While the republican party has struck a chord with voters in the province by promising measures to tackle the cost of living crisis, there is no doubt that the DUP’s handling of Brexit has cost it support and left it facing a nightmare result in the Stormont elections.

Like many factions in the Brexit wars, the DUP overplayed its hand when it was at its most powerful.

The party refused to support Mrs May’s Brexit deal, which included a version of the Northern Ireland Protocol that prioritised maintaining the status quo on the island of Ireland, which propped up the delicate powersharing arrangement in Stormont, as much as possible.
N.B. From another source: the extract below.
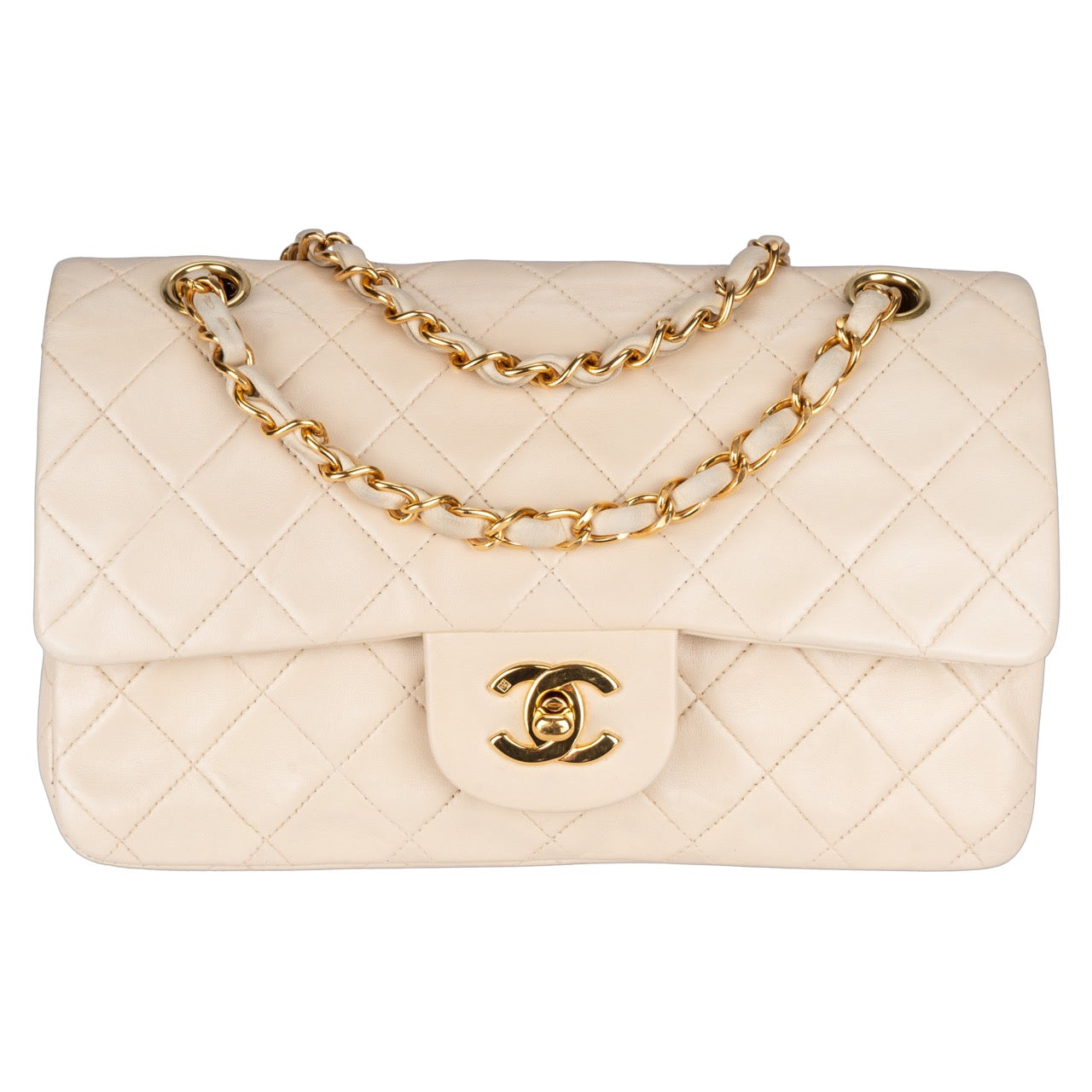 Chanel Quilted Lambskin 24K Gold Double Flap Bag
She made the decision to square the impossible circle that was Northern Ireland and Brexit by sacrificing the UK’s ability to strike free trade deals around the world in order to maintain largely invisible borders on the island of Ireland and in the Irish Sea.

It cost her the support of Tory Brexit rebels, and it wasn’t enough for the DUP, and Mrs May and her deal were toppled.

Boris Johnson took over and made the impossible promise – that he would ensure trade freedom for the whole of the UK, an invisible Irish border, and that there would only be an Irish Sea border “over my dead body”.

The DUP made the mistake of believing him, only for the Prime Minister to sell them out by agreeing a Protocol with then-Irish PM Leo Varadkar which would introduce onerous checks on trade in the Irish Sea between Northern Ireland and the rest of the UK.

Despite Mr Johnson’s repeated claims that there would be “no checks”, it was clear what was in the deal.

The DUP withdrew support, but Mr Johnson’s Tories won an 80-seat majority in the Brexit election of 2019 and blew their parliamentary role into insignificance.

The party is now feeling the consequences of failing to make its power count for unionists in Northern Ireland.